Work instruction: Go through the data below and copy each line that includes "Computer".

Data records Start Marker

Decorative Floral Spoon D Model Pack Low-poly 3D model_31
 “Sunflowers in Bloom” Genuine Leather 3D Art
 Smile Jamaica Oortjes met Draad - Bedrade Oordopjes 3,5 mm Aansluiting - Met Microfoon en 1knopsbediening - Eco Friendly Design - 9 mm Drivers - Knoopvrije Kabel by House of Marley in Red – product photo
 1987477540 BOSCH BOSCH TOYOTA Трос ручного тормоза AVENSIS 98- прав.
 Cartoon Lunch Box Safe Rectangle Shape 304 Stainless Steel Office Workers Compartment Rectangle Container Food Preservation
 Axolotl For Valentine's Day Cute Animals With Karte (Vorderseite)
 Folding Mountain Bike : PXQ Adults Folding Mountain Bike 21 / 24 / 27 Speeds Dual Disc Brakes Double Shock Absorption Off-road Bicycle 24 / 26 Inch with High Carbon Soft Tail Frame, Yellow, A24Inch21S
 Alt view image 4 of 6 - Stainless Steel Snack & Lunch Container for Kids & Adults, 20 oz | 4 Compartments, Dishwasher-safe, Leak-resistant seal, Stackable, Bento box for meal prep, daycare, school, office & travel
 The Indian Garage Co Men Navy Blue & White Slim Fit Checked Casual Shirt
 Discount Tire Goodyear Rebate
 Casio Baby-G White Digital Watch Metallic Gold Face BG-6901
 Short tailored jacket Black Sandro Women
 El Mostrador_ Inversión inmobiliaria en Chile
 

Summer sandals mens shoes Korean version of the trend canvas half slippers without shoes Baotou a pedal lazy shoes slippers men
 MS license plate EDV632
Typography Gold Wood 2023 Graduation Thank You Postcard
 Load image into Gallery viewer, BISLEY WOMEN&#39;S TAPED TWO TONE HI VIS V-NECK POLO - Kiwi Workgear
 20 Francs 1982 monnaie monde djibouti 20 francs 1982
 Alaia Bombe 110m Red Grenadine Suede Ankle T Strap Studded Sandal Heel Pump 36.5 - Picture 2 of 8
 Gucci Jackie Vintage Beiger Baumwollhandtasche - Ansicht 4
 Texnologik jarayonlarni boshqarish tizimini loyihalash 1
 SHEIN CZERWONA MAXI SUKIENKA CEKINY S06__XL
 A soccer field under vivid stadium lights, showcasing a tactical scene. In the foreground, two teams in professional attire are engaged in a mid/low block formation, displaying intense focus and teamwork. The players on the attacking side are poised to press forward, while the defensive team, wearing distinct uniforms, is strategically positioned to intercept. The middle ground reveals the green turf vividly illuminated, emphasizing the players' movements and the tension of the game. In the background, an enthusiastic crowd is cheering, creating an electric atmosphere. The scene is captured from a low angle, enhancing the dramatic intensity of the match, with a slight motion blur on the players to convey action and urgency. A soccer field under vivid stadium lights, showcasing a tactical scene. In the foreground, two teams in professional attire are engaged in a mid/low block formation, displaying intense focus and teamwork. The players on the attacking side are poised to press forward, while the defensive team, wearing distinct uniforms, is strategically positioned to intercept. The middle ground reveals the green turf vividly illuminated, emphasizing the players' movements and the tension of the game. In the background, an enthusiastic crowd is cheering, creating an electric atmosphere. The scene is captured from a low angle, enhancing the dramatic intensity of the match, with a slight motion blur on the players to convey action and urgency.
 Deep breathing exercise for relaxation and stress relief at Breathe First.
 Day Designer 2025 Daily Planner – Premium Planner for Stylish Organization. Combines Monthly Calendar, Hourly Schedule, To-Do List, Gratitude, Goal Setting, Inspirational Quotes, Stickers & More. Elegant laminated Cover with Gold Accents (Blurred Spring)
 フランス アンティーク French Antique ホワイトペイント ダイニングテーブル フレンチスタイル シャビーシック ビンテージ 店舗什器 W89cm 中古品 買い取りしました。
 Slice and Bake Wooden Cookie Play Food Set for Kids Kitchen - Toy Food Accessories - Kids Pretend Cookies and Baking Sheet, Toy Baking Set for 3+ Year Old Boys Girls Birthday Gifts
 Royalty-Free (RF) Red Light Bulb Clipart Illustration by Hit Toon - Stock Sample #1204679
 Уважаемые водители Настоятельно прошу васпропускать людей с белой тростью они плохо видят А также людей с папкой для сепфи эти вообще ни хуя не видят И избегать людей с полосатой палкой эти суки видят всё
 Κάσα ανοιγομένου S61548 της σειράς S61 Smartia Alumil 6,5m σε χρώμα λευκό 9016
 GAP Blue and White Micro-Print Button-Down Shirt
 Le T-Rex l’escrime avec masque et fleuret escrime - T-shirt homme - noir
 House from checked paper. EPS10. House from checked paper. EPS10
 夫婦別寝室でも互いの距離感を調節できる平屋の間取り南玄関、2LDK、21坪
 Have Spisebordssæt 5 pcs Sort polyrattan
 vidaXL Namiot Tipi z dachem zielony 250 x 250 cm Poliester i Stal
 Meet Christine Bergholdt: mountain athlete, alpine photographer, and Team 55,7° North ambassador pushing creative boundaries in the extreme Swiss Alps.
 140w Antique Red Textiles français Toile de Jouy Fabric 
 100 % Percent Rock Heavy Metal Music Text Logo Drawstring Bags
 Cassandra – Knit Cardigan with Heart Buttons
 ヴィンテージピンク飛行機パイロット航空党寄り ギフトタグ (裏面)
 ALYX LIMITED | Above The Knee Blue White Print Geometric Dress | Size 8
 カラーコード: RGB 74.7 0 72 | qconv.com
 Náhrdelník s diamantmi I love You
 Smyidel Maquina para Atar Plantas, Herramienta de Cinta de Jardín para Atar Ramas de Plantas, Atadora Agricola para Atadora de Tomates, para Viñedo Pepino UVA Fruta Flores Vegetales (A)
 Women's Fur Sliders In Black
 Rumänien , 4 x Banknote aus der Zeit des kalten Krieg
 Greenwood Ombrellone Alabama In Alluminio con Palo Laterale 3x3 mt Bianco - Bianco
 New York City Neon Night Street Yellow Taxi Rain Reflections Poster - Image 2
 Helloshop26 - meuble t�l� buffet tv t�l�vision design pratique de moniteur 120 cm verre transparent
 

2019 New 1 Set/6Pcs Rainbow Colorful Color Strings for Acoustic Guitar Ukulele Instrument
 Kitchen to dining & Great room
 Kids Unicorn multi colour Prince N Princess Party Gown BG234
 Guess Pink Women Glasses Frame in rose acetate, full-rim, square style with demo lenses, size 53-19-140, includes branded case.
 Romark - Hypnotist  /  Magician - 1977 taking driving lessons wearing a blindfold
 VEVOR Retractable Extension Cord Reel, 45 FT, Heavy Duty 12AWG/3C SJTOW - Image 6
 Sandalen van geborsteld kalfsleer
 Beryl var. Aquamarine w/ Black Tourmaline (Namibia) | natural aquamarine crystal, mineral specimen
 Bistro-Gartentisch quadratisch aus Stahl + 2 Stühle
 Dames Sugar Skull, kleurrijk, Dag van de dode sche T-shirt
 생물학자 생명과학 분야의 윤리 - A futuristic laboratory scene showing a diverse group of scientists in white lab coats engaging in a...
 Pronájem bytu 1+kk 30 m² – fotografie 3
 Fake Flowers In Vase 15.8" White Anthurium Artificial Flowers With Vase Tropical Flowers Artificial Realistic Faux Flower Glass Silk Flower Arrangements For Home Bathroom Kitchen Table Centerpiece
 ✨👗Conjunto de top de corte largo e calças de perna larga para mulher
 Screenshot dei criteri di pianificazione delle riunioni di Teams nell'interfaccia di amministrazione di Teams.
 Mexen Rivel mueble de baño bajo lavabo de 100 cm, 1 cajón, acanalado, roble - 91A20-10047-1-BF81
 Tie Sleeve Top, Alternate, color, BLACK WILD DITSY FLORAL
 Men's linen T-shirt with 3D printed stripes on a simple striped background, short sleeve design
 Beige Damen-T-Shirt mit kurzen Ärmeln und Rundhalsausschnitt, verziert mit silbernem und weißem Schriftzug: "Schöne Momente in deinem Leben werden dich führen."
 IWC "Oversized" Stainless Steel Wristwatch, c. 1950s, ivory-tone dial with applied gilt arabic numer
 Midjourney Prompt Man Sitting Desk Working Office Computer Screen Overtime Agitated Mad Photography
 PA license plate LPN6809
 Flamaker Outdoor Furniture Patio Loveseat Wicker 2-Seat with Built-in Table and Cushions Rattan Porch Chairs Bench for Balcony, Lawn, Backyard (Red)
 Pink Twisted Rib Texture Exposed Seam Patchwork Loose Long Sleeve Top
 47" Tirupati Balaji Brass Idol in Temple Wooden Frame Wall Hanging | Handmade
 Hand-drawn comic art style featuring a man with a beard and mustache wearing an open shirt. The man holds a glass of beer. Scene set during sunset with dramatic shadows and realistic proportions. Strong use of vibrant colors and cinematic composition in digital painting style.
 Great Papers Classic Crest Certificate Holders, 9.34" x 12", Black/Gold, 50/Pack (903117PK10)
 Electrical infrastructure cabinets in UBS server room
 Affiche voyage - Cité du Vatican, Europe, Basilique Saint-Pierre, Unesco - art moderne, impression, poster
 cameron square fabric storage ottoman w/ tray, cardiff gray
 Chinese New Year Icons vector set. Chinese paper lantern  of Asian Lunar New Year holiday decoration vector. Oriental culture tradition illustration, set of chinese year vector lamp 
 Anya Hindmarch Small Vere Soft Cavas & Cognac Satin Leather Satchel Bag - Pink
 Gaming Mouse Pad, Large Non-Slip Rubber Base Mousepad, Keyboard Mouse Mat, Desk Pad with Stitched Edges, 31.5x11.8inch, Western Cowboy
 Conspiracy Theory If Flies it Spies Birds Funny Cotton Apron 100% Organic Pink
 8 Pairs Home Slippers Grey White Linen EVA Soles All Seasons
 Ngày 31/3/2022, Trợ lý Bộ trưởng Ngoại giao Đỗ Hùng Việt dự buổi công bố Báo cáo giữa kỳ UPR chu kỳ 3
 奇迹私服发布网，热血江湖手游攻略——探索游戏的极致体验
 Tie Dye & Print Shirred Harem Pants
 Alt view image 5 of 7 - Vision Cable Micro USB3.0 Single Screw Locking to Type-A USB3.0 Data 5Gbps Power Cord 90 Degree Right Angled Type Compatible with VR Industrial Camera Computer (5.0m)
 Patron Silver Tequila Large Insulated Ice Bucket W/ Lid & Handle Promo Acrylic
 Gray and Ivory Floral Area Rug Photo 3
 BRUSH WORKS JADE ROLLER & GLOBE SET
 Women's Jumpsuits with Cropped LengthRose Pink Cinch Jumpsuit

Data records End Marker

Exercise answer:
 Midjourney Prompt Man Sitting Desk Working Office Computer Screen Overtime Agitated Mad Photography
 Alt view image 5 of 7 - Vision Cable Micro USB3.0 Single Screw Locking to Type-A USB3.0 Data 5Gbps Power Cord 90 Degree Right Angled Type Compatible with VR Industrial Camera Computer (5.0m)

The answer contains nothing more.